I have a big update coming with full September PnL and some (potentially alarming) results from some additional analysis I have done now that I can scrape the isystems website. Just need to get the analysis finished in a presentable format.

The mid-month October update, is that I'm up a couple of hundred dollars, which includes over $1000 in license fees and commissions! I mention this since as of close Friday fees represent exactly half of my approximately $6.5k in losses!

The following 5 users say Thank You to SMCJB for this post:

As I have already mentioned I have created a function in R that when given a system number it will scrape the isystems website and return the monthly PnL table.

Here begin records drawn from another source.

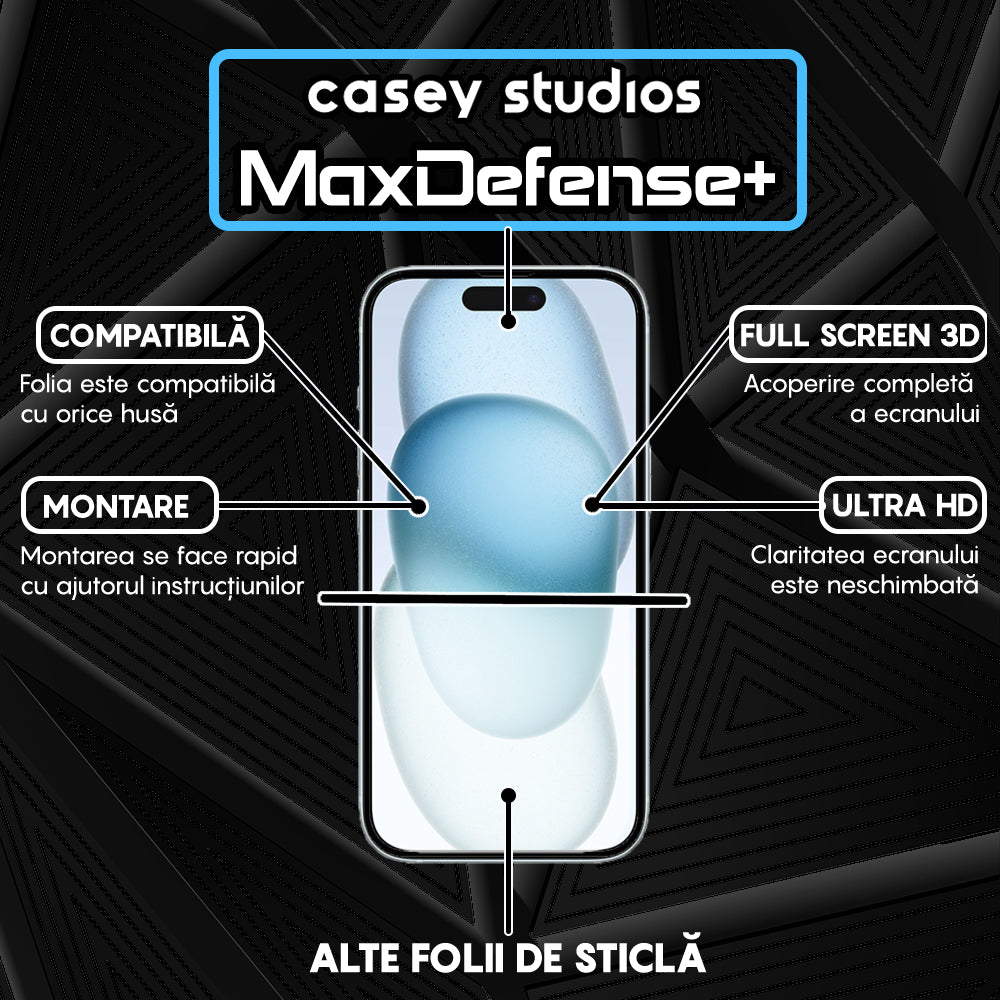 Folie Sticla MaxDefense+ - iPhone 15 Plus - Negru
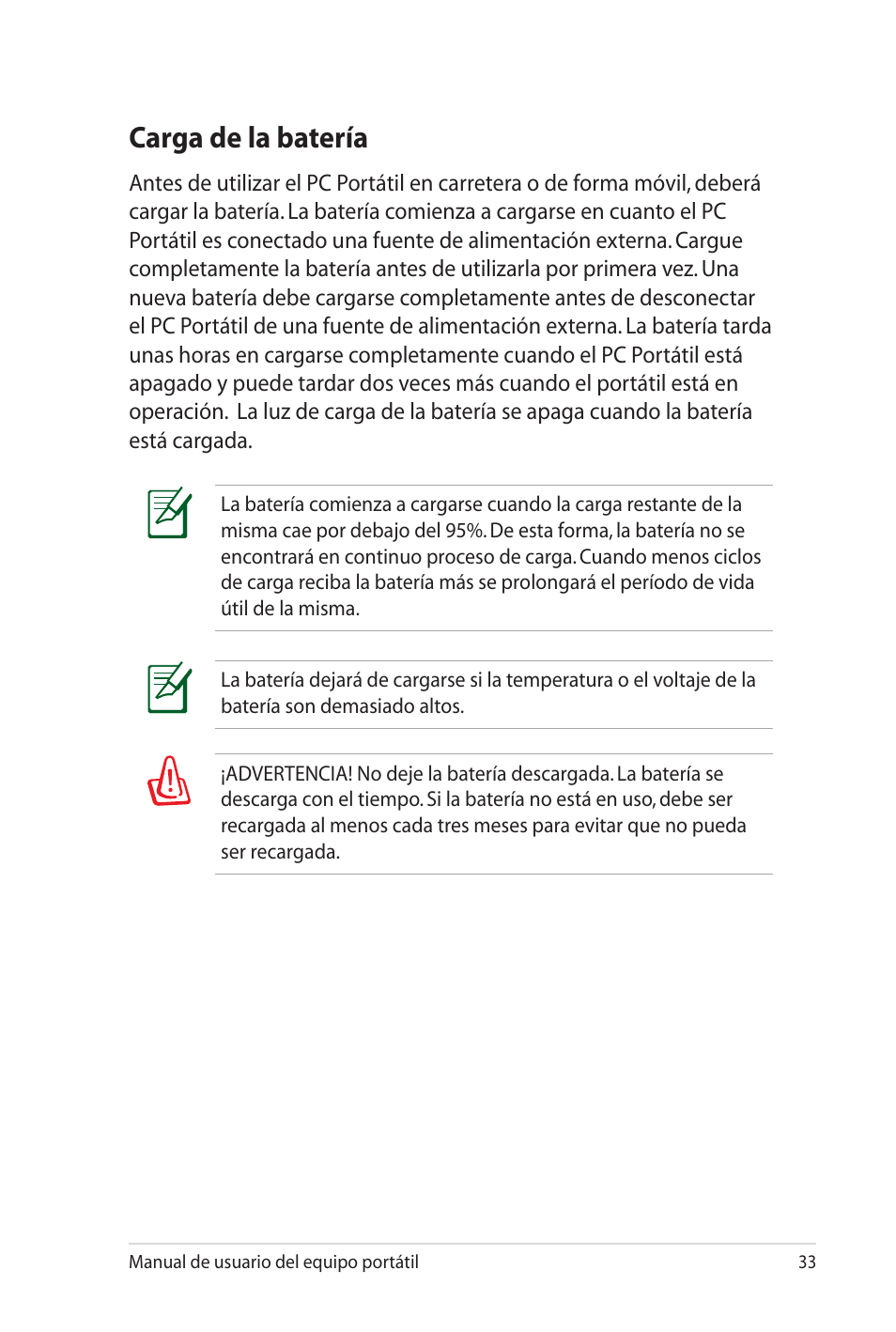 Carga de la batería | Asus X5MTK User Manual | Page 33 / 114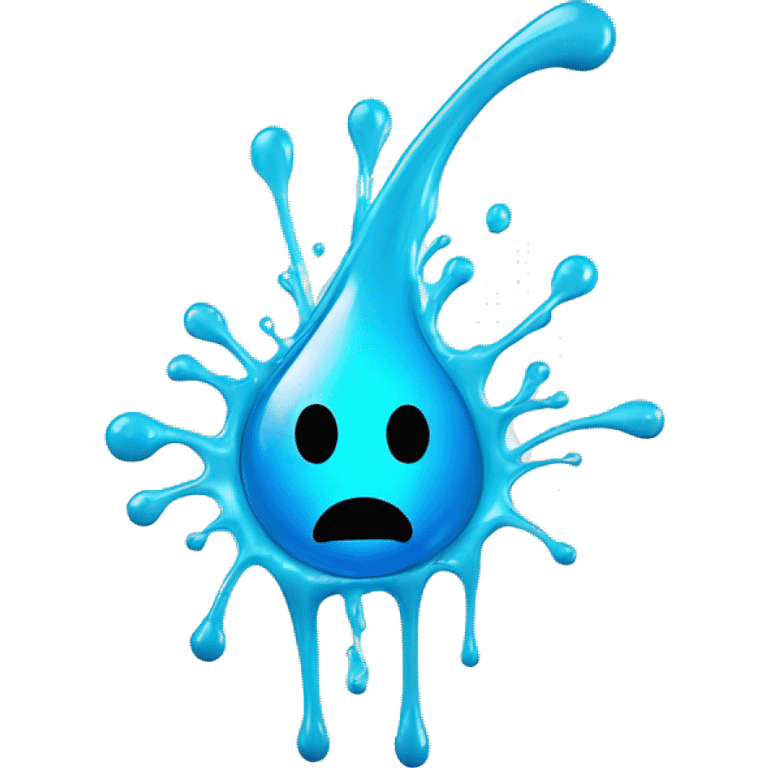 Glowing shiny Cyan blue liquid splash splatter drip emoji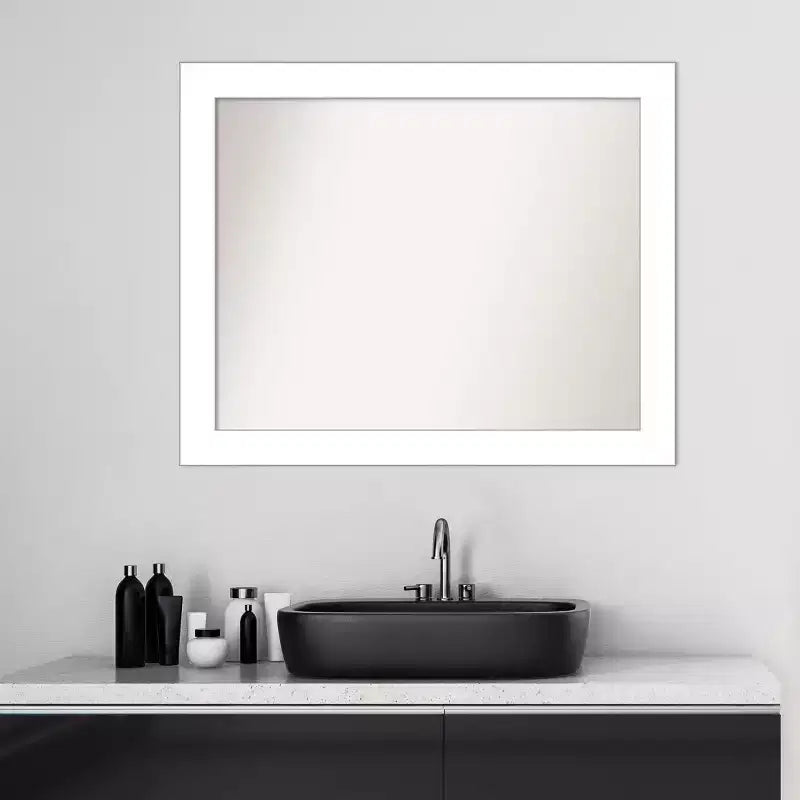 32" x 26" Non-Beveled White Bathroom Wall Mirror, Modern Rectangle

I then created a second function (that called the first) that when given a system number, a start date and an end date, it would return the average monthly PnL of that system between those dates. This was then replaced by a third function that once passed the PnL data table from the first function and the two dates, instead of performing the average calculation it returned an array with all the monthly PnLs between those dates. There were two main advantages of this. First to perform multiple analysis of the same system I'm only scraping the website once. Second I can now easily calculate more statics than the mean. For example I can calculate the sharpe ratio of any date range by just dividing the mean of the array by it's standard deviation. It was now relatively simple to calculate the Tracked/Backtest Ratio for any system given just its system number, start date and since tracked date.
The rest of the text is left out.